How good are Chinese CPUs? Benchmarking the Loongson 3A6000

4 min read Original article ↗

I maintain a few widely used libraries that have optimized code paths based on the specific processor being used. We started supporting Loongson processors in recent years, but I did not have access to a Loongson processor until now. To my knowledge, they are not widely distributed in North America. This made it difficult for me to do any performance tuning. Thankfully, kind people from the Loongson Hobbyists’ Community helped me acquire a small computer with a Loongson processors.

My understanding is that Loongson processors serve to reduce the dependence of China on architectures like x64 and ARM. They use their own proprietary architecture called LoongArch. These processors have two generations of SIMD (single instruction, multiple data) vector extensions designed for parallel processing : LSX and LASX. LSX (Loongson SIMD Extension) provides 128-bit wide vector registers and instructions roughly comparable to ARM NEON or early x64 SSE extensions. LASX (Loongson Advanced SIMD Extension), first appearing in the Loongson 3A5000 (2021), is the 256-bit successor that is somewhat comparable with x64 AVX/AVX2 present in most x64 (Intel and AMD) processors.

The LoongArch architecture is not yet universally supported. You can run most of Linux (Debian), but Visual Studio Code cannot ssh into a LoongArch system although there is community support in VSCodium. However, recent versions of the GCC and LLVM compilers support LoongArch.

My Loongson-3A6000 processor supports both LASX and LSX. However, I do not know how to do runtime dispatching under LoongArch: check whether LASX is supported as the program is running and switching on LASX support dynamically. I can force the compiler to use LASX (by compiling with -march=native) but my early experiments show that LASX routines are no faster than LSX routines… possibly a sign of poor optimization on our part.

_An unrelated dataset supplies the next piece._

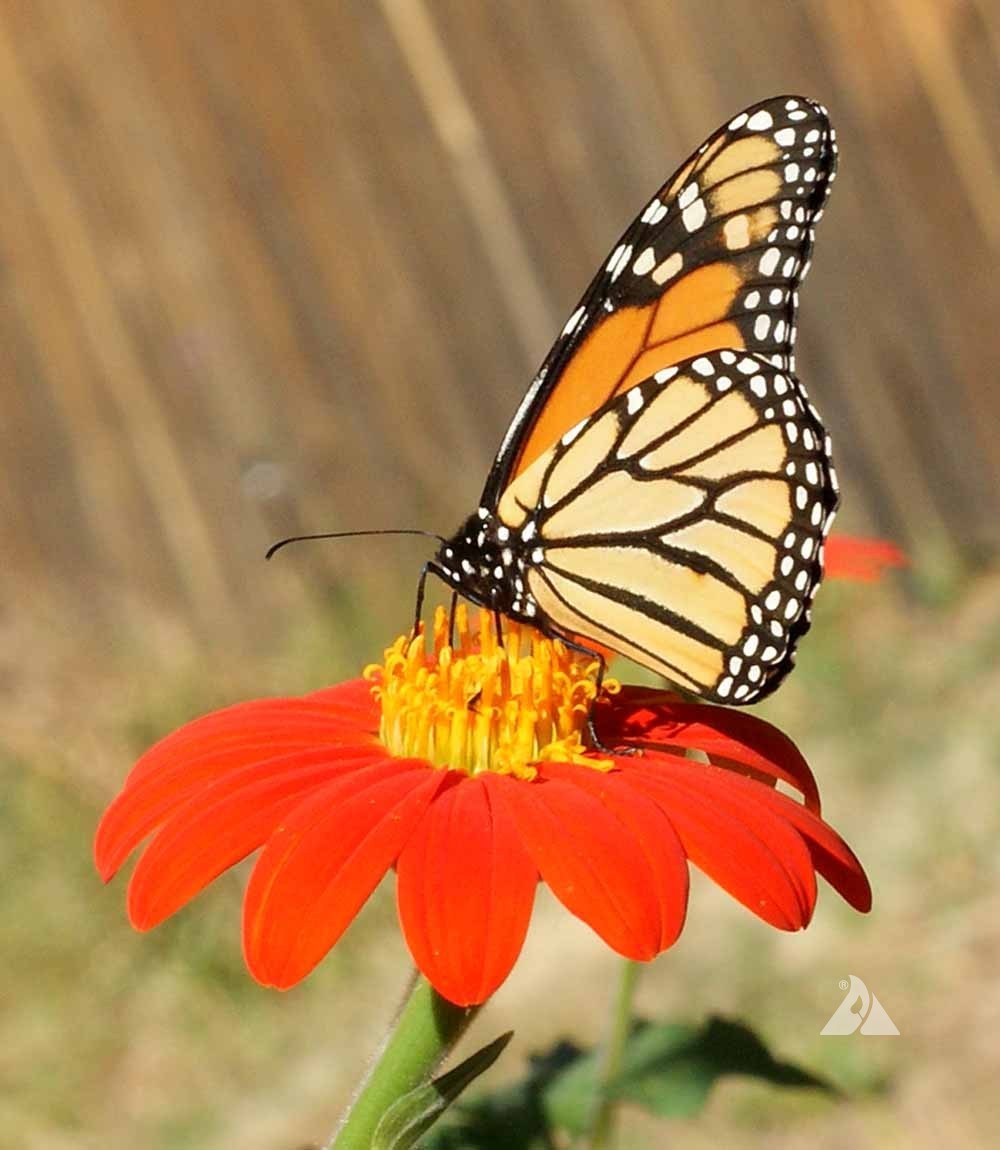 Mexican Sunflower Tithonia Rotundifolia Seeds Free Shipping!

I decided to run some tests to see how this Chinese processor compares with a relatively recent Intel processor (Ice Lake). The comparison is not meant to be fair. The Ice Lake processor is somewhat older but it is an expensive server-class processor. Further, the code that I am using is likely to have been tuned for x64 processors much more than for Loongson processors. I am also not trying to be exhaustive: I just want a broad idea.

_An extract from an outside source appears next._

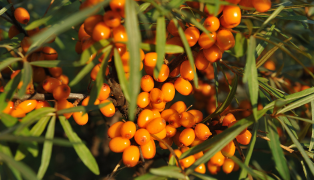Sea Buckthorn Berries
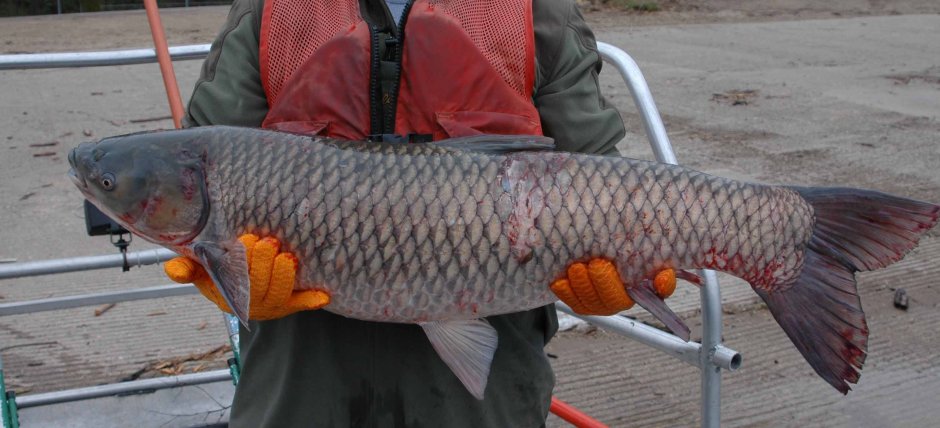 Карп (Cyprinus Carpio)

Let us first consider number parsing. My test is reproducible.

git clone https://github.com/lemire/simple_fastfloat_benchmark.git
cd simple_fastfloat_benchmark
cmake -B build 
cmake --build build
./build/benchmarks/benchmark # use sudo for perf counters

This will parse random numbers. I focus on the fast_float results. I use GCC 15 in both instances.

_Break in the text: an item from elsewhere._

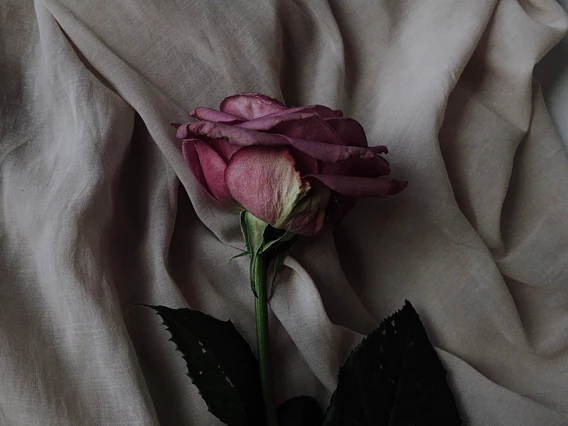 A single rose on a bed sheet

processor instructions/float ins/cycle GHz
Loongson-3A6000  377 4.92 2.50
Xeon Gold 6338 295 5.07 3.19

So the Loongson-3A6000 retires about as many instructions per cycle as the Intel processor. However, it requires more instructions and its clock frequency is lower. So the Intel processor wins this round.

What if we replace the fast_float function by abseil’s number parse (from Google). I get that both processors are entirely comparable, except for the clock frequency.

processor instructions/float ins/cycle GHz
Loongson-3A6000 562 4.42 2.50
Xeon Gold 6338 571 5.08 3.19

Intel still wins due to the higher frequency, but by a narrower margin.

I wanted to test the Loongson processor on SIMD intensive tasks. So I used the simdutf library to do some string transcoding.

git clone https://github.com/simdutf/simdutf/git
cd simdutf
cmake -B build -D SIMDUTF_BENCHMARKS=ON
cmake --build build --target benchmark
./build/benchmarks/benchmark -P utf8_to_utf16le -F README.md 
# use sudo for perf counters

My results are as follows, depending on which instructions are used. The Intel processor has three options (128-bit with SSSE3, 256-bit with AVX2 and 512-bit with AVX-512) while the Loongson processor has two options (128-bit with LSX and 256-bit with LASX).

processor ins/byte ins/cycle GHz
Loongson-3A6000 (LSX)  0.562 2.633 2.50
Loongson-3A6000 (LASX)  0.390 1.549 2.50
Xeon Gold 6338 (SSSE3) 0.617 5.07 3.236
Xeon Gold 6338 (AVX2) 0.364 2.625 3.19
Xeon Gold 6338 (AVX-512) 0.271 1.657 3.127

Roughly speaking, the Loongson transcodes a simple ASCII file (the README.md file) at 10 GB/s whereas the Intel processor does it slightly faster than 20 GB/s.

Overall, I find these results quite good for the Loongson processor.

The folks at Chips and Cheese have a more extensive review. They put the Chinese processor somewhere between the first AMD Zen processors and the AMD Zen 2 processors on a per core basis. The AMD Zen 2 processors power current gaming consoles such as the PlayStation 5. Chips and Cheese concluded “Engineers at Loongson have a lot to be proud of”: I agree.